The court in Lockhart, supra, stated the following with regard to so-called "collateral agreements:"
Not every charge made to the borrower which benefits the lender will render a transaction usurious . . . if the charge is reasonable, is made in good faith and is reimbursement for a payment to a third party for something appropriate to establishing or protecting of the lender's security.
252 Ark. at 880. The court noted the propriety of such charges as property inspection fees, expenses of an abstract of title, title examination fees, insurance premiums paid a third party, recording fees, expense of obtaining release of a prior lien, and title insurance premiums. Id. (citations omitted.)
The proposed service charge for establishing a delayed tuition payment plan does not appear to fall within the charges that have been authorized by the court. Although there are no cases directly on point, I believe this type of delayed payment plan would most likely be governed by the line of cases beginning withStrickler, supra, which have equated "service charges" with interest where the charges constitute the lender's overhead expenses or costs of doing business. The college will, in essence, be extending credit to the student, and the foregoing cases compel me to conclude that the service charge will fall within the constitutional prohibition if the maximum legal rate of interest is exceeded.

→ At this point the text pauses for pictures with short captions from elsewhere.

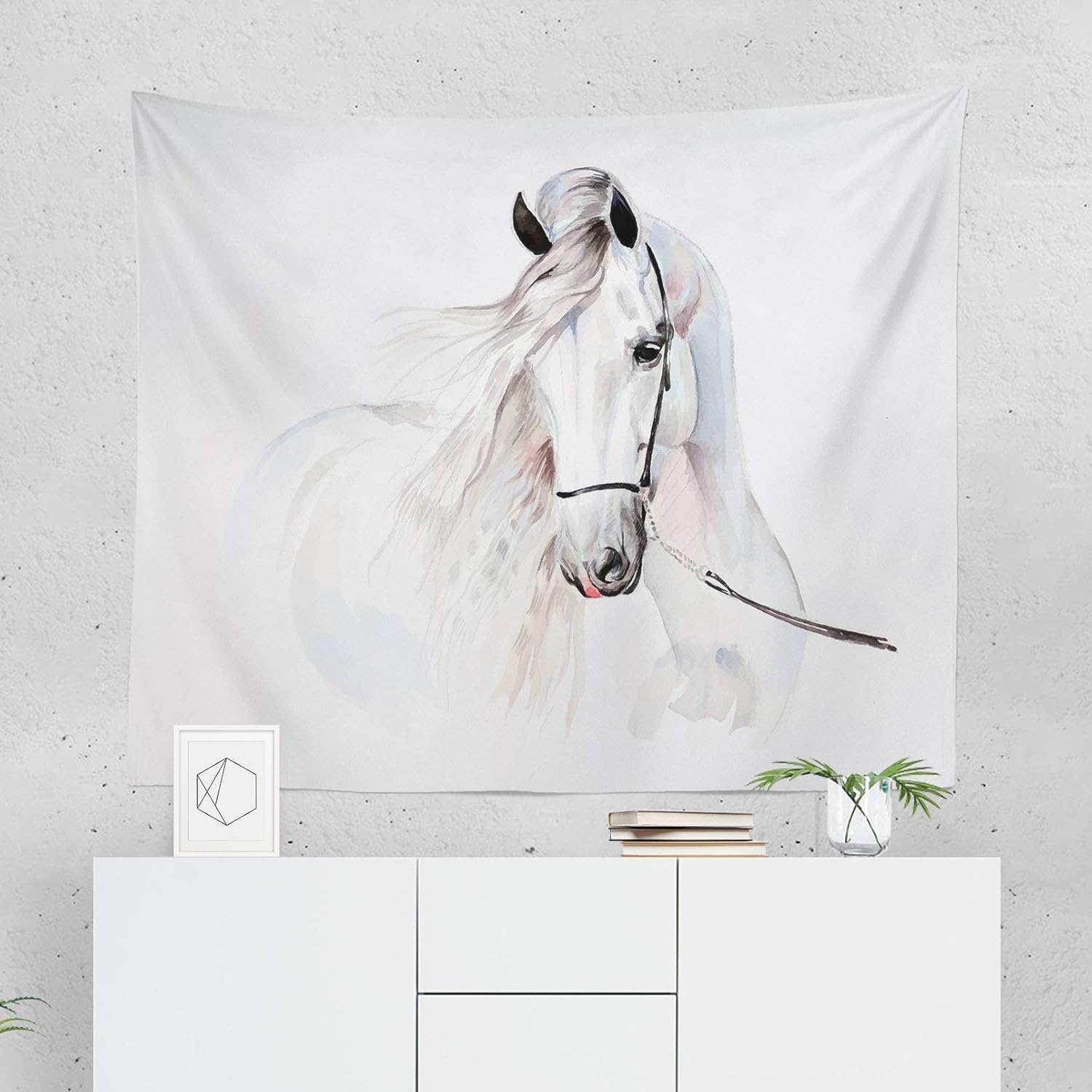 White Horse Tapestry Wall Hanging Equestrian Equine Horses Tapestries Dorm Room Bedroom Decor Art Printed In The Usa Small To Giant Sizes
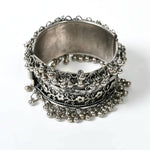 Thumbnail for Mominos Fashion Joharkamal Oxidised Silver-Plated Ghungroo Handcraft Bracelet - Design 021 - Distacart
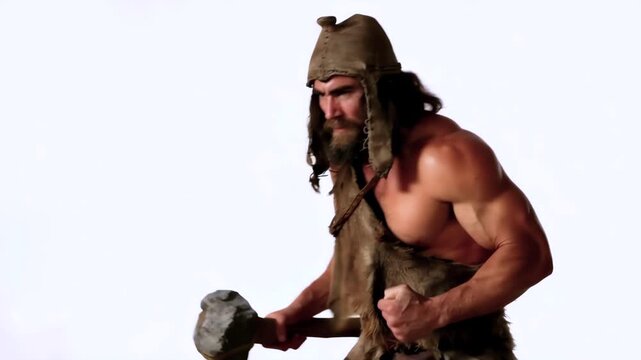 Primitive builder stepping medium shot with fur hat and hammer on white background, blending prehistoric worker humor with construction training, adaptation problems, labor effort, safety messaging.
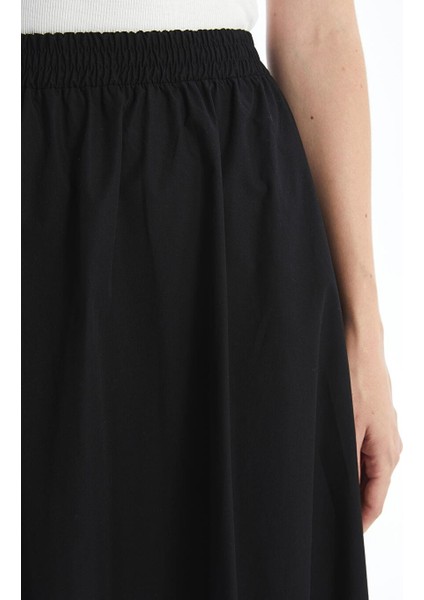 Beli Lastikli Düz Poplin Kadın Etek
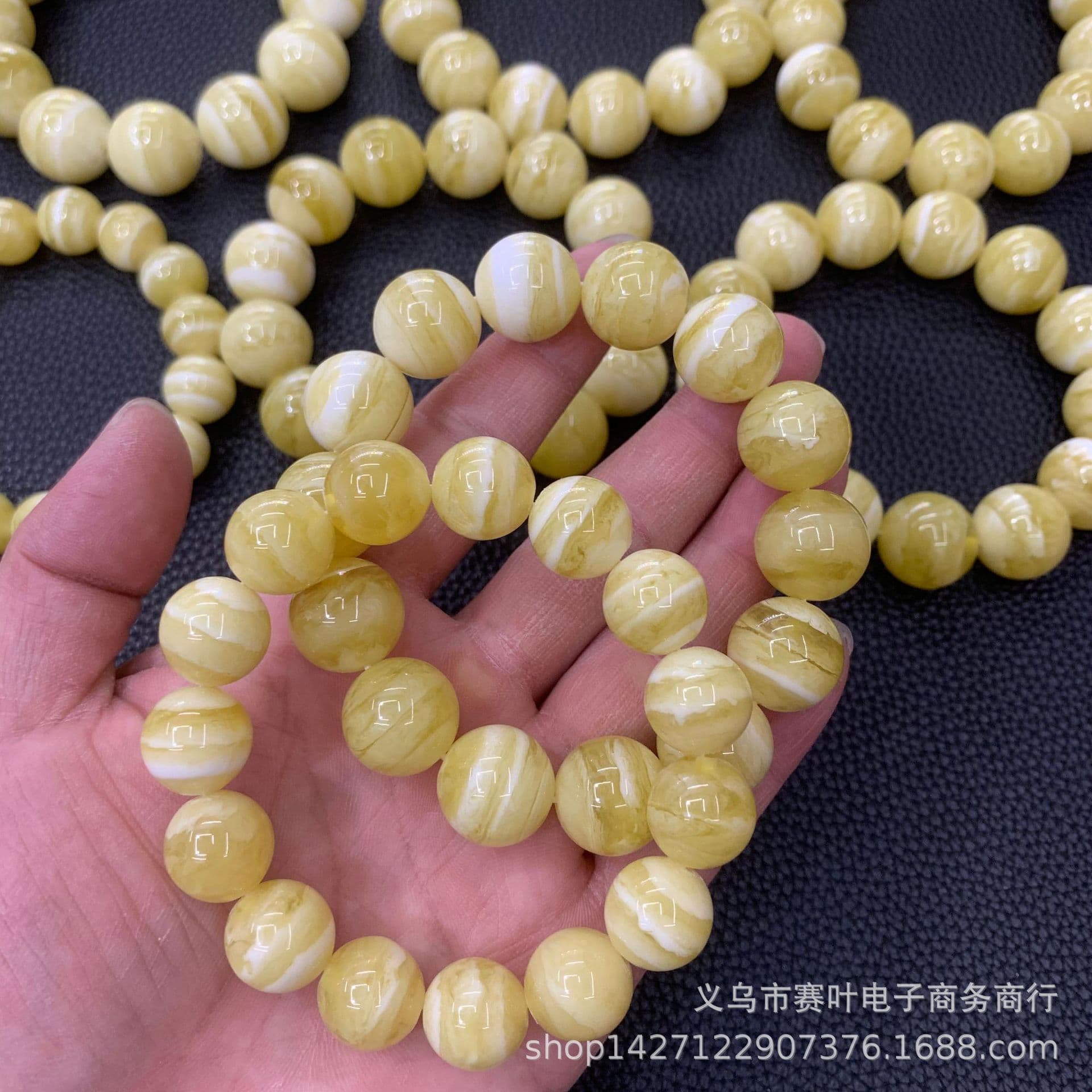 Second Generation Amber Beeswax Thousand-Layer Snow Bracelet, Amber Beeswax Unisex White Flower Wax Buddhist Beads Bracelet, Live Stream Edition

The foregoing opinion, which I hereby approve, was prepared by Assistant Attorney General Elisabeth A. Walker.
Sincerely,
WINSTON BRYANT Attorney General
WB:cyh
1 Article 19, Section 13 of the Arkansas Constitution states, under subsection (a)(i), that "[t]he maximum lawful rate of interest on any contract entered into after the effective date hereof shall not exceed five percent (5%) per annum above the Federal Reserve Discount Rate from the time of the contract." This provision is derived from Amendment 60 to the Arkansas Constitution which was approved in 1982.